Turkey’s recent alleged harassment of a French warship, which was deployed off the Libyan coast as part of a NATO mission to prevent arms deliveries to fuel the war in the North African country, adds yet another dimension to the Mediterranean’s burgeoning conflicts.
Paris has been forthright in calling attention to what one French defense ministry official describes as NATO’s “Turkey problem."
French President Emmanuel Macron said he viewed the incident as yet another example of “the brain death of NATO.”
These conflicts are rooted in contrasting maritime visions, but they also reflect competing policies that are moving onshore.
Who could have imagined that Paris and Washington’s decision to topple Libyan leader Moammar Gadhafi in 2011 would result in, among other developments, an emerging military contest between Turkey and Egypt — both of them close allies of the United States — for the uncertain prize of putting the fractured but oil-rich country back together?
The battle for control of Libya’s destiny now features a strategic démarche by Turkey, in support of the GNA, to defeat a working alliance linking Egypt, the UAE, France, and Russia to the self-styled Libyan National Army (LNA) led by Khalifa Hifter.
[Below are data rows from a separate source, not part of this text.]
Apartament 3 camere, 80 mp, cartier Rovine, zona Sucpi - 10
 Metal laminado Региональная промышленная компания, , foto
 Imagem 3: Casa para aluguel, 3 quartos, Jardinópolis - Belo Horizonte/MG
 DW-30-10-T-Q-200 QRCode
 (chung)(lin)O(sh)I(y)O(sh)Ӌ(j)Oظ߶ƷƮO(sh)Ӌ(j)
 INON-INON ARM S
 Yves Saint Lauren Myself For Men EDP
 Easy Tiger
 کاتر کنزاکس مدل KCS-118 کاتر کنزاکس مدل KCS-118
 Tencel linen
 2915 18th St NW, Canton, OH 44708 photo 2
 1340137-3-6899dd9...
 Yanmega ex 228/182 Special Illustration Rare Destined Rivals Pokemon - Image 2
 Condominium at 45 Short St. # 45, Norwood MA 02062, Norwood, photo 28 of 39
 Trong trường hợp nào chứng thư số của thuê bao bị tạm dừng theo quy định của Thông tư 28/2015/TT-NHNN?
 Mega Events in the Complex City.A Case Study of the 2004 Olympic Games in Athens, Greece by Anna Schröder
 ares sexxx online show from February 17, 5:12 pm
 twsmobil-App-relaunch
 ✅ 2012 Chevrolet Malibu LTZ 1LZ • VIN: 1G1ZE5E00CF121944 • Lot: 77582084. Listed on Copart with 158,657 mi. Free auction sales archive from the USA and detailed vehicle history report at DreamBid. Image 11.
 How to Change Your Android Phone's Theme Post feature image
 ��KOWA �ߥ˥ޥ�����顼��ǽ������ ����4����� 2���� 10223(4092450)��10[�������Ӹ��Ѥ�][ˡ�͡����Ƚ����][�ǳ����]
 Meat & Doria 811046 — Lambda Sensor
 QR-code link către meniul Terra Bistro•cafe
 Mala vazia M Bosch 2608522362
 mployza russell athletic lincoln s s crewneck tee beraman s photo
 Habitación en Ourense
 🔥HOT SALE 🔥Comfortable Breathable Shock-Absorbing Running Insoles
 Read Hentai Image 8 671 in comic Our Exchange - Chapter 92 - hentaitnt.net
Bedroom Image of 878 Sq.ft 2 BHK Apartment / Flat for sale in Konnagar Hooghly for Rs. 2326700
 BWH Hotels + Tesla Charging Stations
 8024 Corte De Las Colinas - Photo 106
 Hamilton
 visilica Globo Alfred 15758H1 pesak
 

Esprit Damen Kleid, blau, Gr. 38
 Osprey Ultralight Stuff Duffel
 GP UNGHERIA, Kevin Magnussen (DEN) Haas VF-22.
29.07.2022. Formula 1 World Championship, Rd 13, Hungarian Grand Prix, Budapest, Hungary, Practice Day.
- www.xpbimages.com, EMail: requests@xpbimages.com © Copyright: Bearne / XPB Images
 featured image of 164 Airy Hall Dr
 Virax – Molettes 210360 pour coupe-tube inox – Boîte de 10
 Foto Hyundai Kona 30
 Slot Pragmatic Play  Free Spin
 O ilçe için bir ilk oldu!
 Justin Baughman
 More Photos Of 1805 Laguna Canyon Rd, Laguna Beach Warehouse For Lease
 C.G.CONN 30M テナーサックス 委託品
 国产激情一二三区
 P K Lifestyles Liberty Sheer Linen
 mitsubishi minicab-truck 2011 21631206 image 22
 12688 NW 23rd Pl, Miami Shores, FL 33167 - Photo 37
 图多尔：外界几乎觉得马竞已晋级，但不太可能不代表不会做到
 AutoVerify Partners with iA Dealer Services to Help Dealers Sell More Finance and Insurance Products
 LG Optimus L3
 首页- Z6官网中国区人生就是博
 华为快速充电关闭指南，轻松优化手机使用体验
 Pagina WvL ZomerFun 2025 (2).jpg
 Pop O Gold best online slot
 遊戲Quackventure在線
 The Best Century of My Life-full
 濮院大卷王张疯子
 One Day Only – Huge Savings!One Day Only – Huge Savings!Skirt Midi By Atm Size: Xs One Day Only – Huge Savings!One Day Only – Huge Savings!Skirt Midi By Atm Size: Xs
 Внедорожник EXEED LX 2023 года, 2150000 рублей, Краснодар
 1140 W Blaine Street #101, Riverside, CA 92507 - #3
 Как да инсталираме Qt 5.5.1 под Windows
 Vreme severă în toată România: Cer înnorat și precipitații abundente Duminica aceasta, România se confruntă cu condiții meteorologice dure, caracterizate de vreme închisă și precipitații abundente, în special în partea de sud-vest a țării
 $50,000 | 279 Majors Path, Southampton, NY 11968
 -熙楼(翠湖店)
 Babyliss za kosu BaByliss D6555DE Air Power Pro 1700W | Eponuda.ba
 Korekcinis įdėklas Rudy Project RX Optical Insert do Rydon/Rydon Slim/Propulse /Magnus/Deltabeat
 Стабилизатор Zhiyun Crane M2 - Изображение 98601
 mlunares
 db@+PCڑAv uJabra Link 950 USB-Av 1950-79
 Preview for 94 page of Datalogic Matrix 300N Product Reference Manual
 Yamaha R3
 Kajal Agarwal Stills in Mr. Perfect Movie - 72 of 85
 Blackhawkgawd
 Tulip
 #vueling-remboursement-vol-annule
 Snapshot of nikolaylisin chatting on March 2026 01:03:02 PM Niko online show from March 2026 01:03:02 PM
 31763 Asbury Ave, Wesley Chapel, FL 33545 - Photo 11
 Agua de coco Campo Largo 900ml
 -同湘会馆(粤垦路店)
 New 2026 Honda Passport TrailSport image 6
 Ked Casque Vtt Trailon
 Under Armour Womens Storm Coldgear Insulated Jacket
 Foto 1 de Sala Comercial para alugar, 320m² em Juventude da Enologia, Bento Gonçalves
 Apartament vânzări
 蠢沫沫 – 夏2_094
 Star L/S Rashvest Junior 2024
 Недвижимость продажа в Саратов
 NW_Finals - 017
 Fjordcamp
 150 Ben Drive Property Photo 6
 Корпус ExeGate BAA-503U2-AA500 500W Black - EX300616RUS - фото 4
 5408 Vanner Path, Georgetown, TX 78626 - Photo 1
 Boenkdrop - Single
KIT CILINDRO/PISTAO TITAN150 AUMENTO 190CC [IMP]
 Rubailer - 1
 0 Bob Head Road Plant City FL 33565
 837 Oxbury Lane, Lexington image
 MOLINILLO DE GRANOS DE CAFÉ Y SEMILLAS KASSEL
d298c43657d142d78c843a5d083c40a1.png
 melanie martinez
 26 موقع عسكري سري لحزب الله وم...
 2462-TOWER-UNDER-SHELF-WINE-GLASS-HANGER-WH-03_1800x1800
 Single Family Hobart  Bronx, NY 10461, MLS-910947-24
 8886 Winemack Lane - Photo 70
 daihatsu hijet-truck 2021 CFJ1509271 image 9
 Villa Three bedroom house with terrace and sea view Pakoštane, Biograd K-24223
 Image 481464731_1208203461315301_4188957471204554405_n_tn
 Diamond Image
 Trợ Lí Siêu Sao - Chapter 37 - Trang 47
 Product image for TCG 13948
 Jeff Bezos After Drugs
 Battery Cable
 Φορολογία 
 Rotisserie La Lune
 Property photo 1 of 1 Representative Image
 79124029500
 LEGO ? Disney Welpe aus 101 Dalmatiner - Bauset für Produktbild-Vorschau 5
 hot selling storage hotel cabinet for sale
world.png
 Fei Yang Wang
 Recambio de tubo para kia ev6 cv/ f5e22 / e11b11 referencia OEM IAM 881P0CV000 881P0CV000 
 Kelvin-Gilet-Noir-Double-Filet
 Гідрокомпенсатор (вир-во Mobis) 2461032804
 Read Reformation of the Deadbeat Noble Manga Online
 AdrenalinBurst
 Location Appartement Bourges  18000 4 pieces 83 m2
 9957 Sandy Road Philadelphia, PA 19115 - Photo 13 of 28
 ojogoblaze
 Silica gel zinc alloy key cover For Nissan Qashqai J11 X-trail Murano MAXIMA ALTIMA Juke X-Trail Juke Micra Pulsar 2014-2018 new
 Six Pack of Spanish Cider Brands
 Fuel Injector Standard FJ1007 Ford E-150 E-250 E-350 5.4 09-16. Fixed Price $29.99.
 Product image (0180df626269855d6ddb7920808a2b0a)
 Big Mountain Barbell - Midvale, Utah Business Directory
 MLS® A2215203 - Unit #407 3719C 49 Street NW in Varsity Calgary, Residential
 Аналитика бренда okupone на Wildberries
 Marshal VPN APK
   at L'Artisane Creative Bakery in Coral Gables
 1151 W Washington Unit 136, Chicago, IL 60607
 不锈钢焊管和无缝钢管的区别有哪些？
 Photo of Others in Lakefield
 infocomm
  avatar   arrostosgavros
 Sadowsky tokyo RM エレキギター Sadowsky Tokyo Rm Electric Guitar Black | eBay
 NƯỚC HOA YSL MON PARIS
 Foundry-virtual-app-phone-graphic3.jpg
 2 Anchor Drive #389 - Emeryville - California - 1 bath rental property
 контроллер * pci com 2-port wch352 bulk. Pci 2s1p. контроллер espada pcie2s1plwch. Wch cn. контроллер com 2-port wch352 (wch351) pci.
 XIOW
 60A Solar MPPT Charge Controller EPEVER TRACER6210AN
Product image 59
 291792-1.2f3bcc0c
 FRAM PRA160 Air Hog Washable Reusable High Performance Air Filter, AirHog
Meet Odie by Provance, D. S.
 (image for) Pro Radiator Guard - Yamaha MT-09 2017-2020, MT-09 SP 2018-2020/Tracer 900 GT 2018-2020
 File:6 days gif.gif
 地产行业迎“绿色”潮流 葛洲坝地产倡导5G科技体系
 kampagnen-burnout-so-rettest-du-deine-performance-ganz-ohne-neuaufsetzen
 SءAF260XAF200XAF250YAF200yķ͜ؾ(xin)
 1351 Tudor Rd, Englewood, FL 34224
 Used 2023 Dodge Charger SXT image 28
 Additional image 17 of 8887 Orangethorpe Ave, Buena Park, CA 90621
When Turkey last saw advantage in maintaining a military presence in Libya, Istanbul was still called Constantinople. Egypt, already opposed to the consolidation of a Libyan government indebted to Islamists, views Turkey’s military escalation as a concrete demonstration of Ankara’s intent to isolate Egypt from its strategic hinterland to the west (Libya), north (the Mediterranean), and east (Gaza). Egyptian President Abdel-Fattah el-Sisi has declared a vital Egyptian national security interest in preventing the expansion of the Turkish alliance east of Libya’s oilfields, the port of Sirte, and the airbase at Jufra. This line places fully 60 percent of Libya’s oil reserves under LNA control.
Moscow and Washington
Russia has not been able to translate the race to control offshore gas to its advantage, but it has demonstrated a keen ability to exploit opportunities precipitated by the shortcomings of U.S. policies — in Syria for example and more recently in Libya. Forces associated with Moscow are fighting for the LNA, and Russian and Libyan pilots appear to be training in Libyan skies on newly supplied Russian warplanes.
Washington is not anxious to choose winners in the widening conflicts that increasingly define the region. On June 26, the U.S. embassy in Libya voiced opposition to what it termed a “foreign-backed campaign to undermine Libya’s energy sector and prevent the resumption of oil production,” presumably referring to pro-Hifter forces.
In Libya, as in Syria, Washington would prefer to simply freeze the conflict while limiting Russian efforts to expand its strategic footprint.
“Russia’s sustained involvement in Libya increases the violence and delays a political solution,” noted U.S. Marine Corps Brig. Gen. Bradford Gering, AFRICOM’s director of operations. “Russia continues to push for a strategic foothold on NATO’s southern flank and this is at the expense of innocent Libyan lives.”
Even as antagonists eschew efforts to reach win-win solutions, the costs of the region’s growing polarization continue to grow.
“If we consider a military solution through militarization, this will be the end of Cypriot Hellenism, which I do not want,” warned Nicos Anastasiades, president of the Republic of Cyprus.
Anastasiades stressed that he is seeking a purely diplomatic solution to the geopolitical threat Turkey poses to Cyprus and the overall instability it is causing in the eastern Mediterranean.
Would that other leaders in the region commit to the same strategy.
Geoffrey Aronson is a non-resident scholar at MEI. The views expressed in this article are his own.